╭──

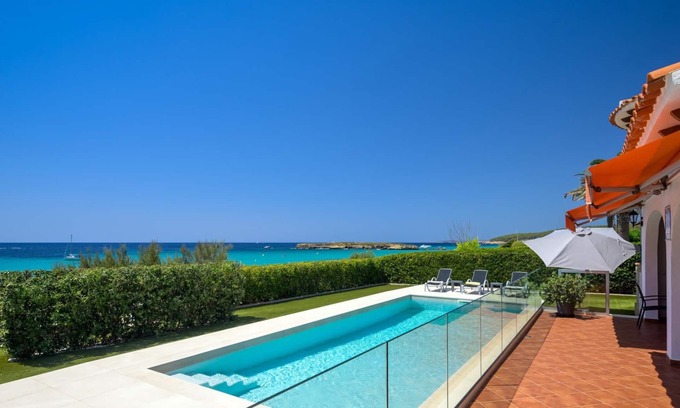 Sant Tomas Villa | Villa Ponti A5, Vacances en Bord de Mer, modernité et Confort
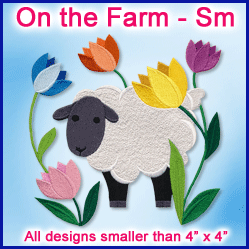 A On the Farm Design Pack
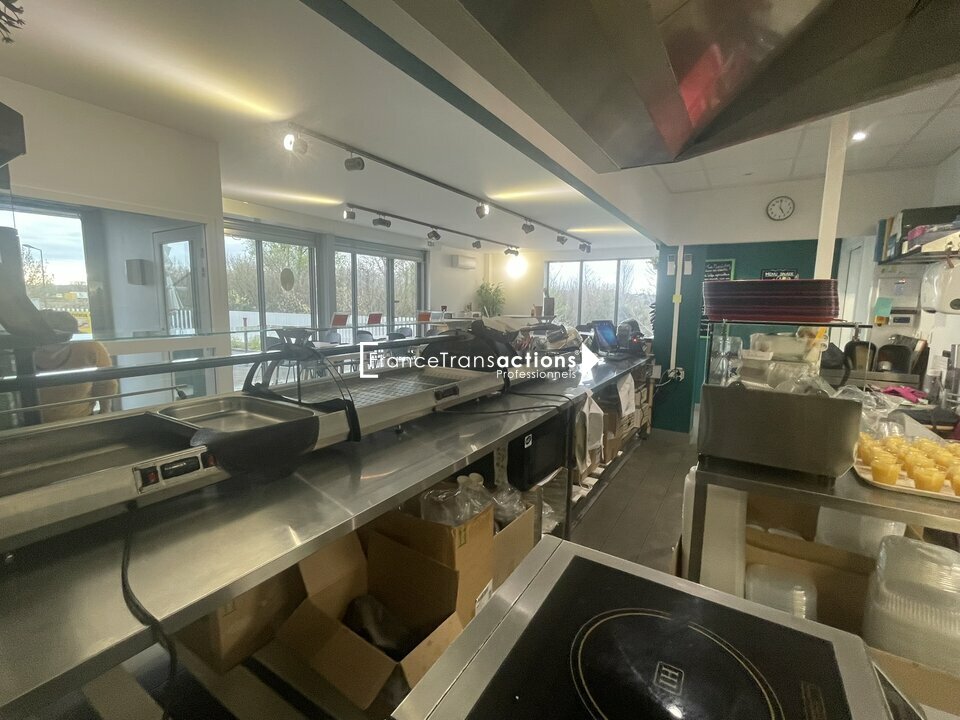 A CEDER FONDS DE COMMERCE RESTAURANT 31400 TOULOUSE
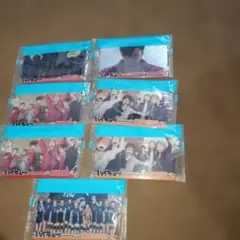 ハイキュー!!　ウエハース　カード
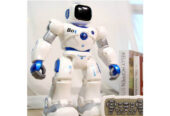 Robot Toy: Fun Learning for Kids with Remote Control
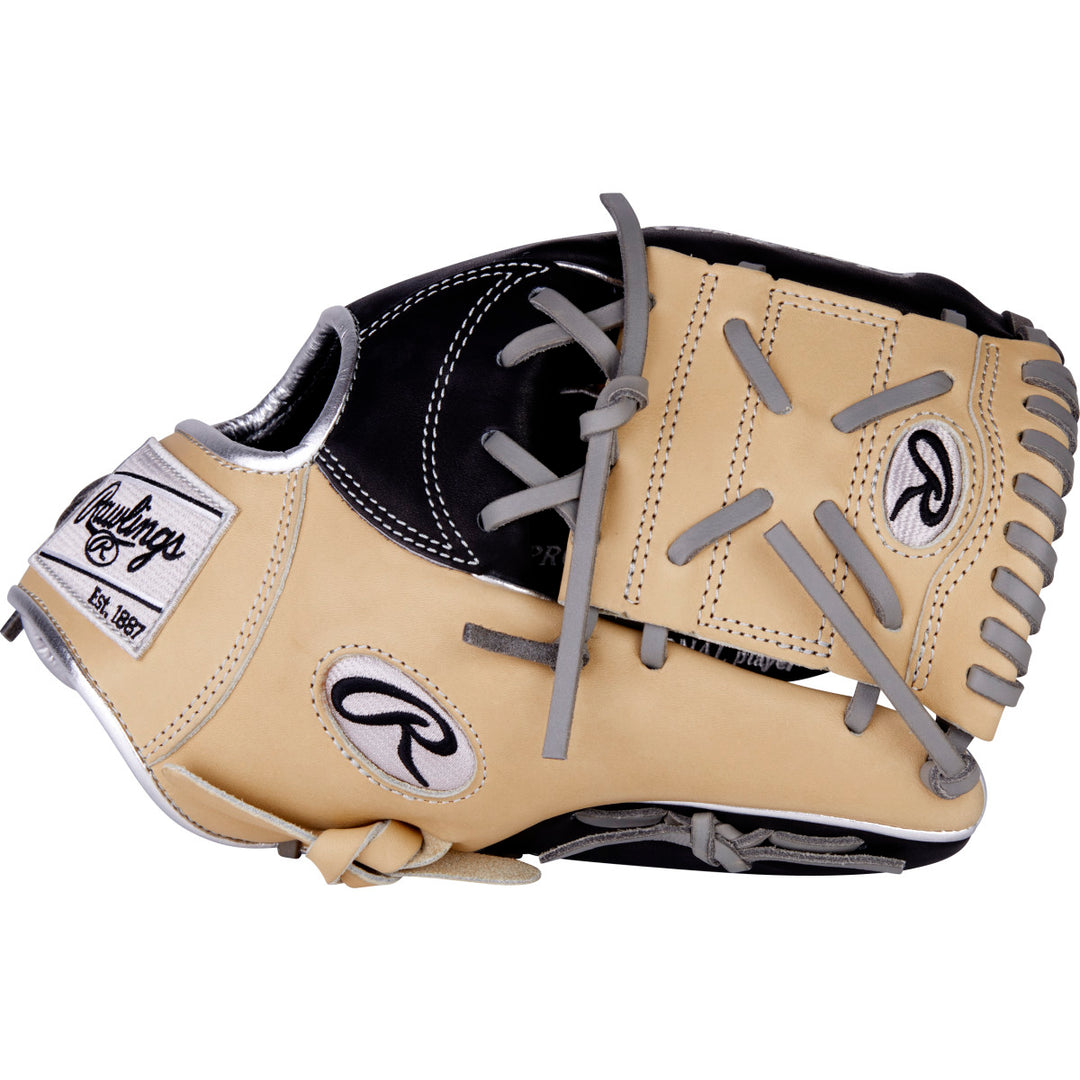Rawlings Heart Of The Hide 11.5” Baseball Glove  PRONP4-8BCSS_2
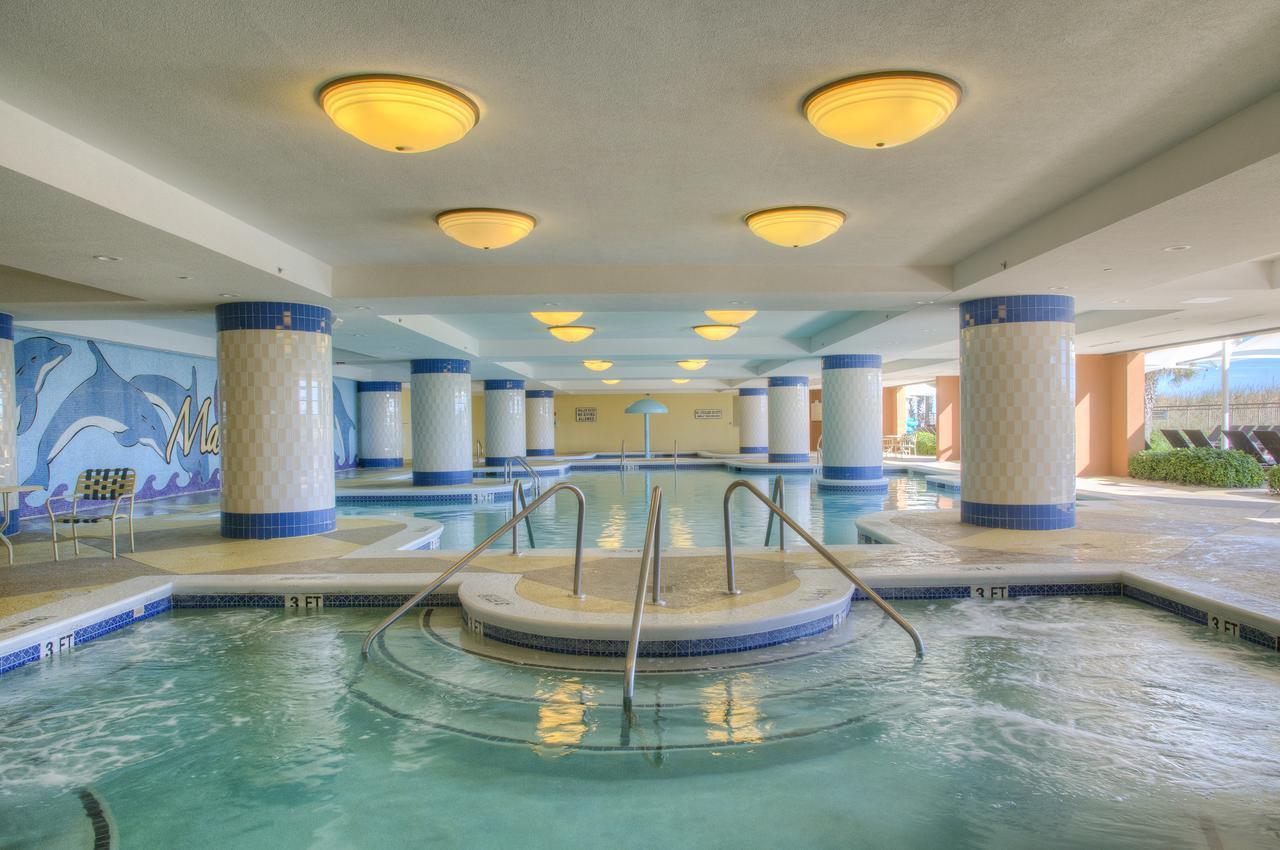 Mar Vista Grande By Palmetto Vacation Rentals North Myrtle Beach Eksteriør billede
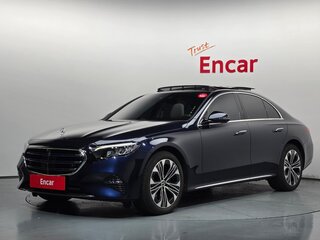 2026 Mercedes-Benz E-Класс 220 d VI (W214, S214), синий, 7430000 рублей, вид 1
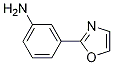 3-Oxazol-2-yl-phenylaMine CAS#: 35582-08-2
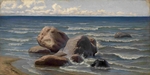 Volkov, Yefim Yefimovich - Seascape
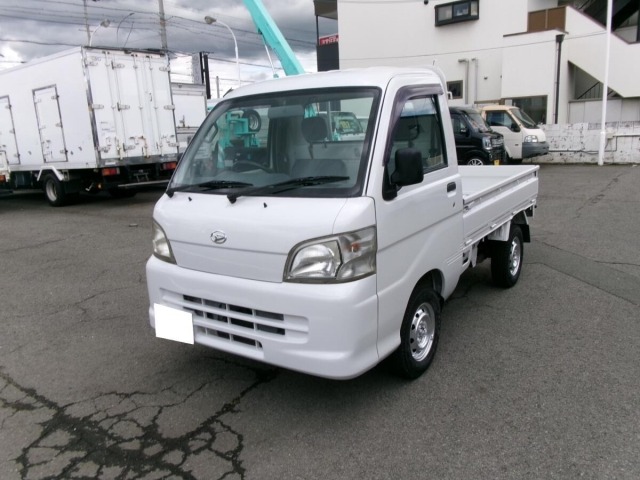 Daihatsu HIJET TRUCK 2006 7054992-0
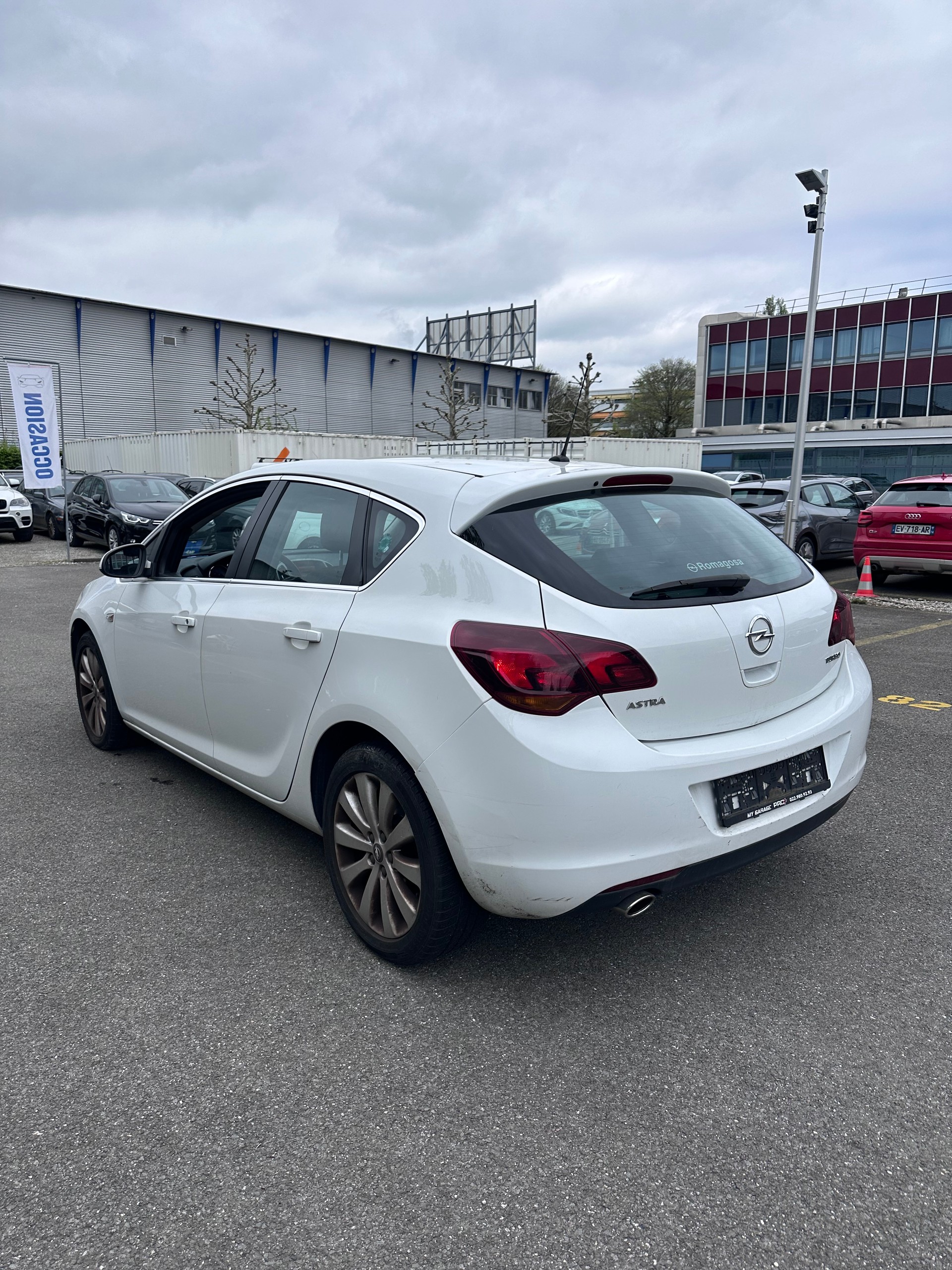 OPEL Astra SportsTourer 1.4i 16V Turbo-image-2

╰──

WORK TASK
Transcribe the data completely. No pictures should appear in the transcription.

WRITTEN RESPONSE
 Sant Tomas Villa | Villa Ponti A5, Vacances en Bord de Mer, modernité et Confort
 A On the Farm Design Pack
 A CEDER FONDS DE COMMERCE RESTAURANT 31400 TOULOUSE
 ハイキュー!!　ウエハース　カード
 Robot Toy: Fun Learning for Kids with Remote Control
Rawlings Heart Of The Hide 11.5” Baseball Glove  PRONP4-8BCSS_2
 Mar Vista Grande By Palmetto Vacation Rentals North Myrtle Beach Eksteriør billede
 2026 Mercedes-Benz E-Класс 220 d VI (W214, S214), синий, 7430000 рублей, вид 1
 3-Oxazol-2-yl-phenylaMine CAS#: 35582-08-2
 Volkov, Yefim Yefimovich - Seascape
 Daihatsu HIJET TRUCK 2006 7054992-0
 OPEL Astra SportsTourer 1.4i 16V Turbo-image-2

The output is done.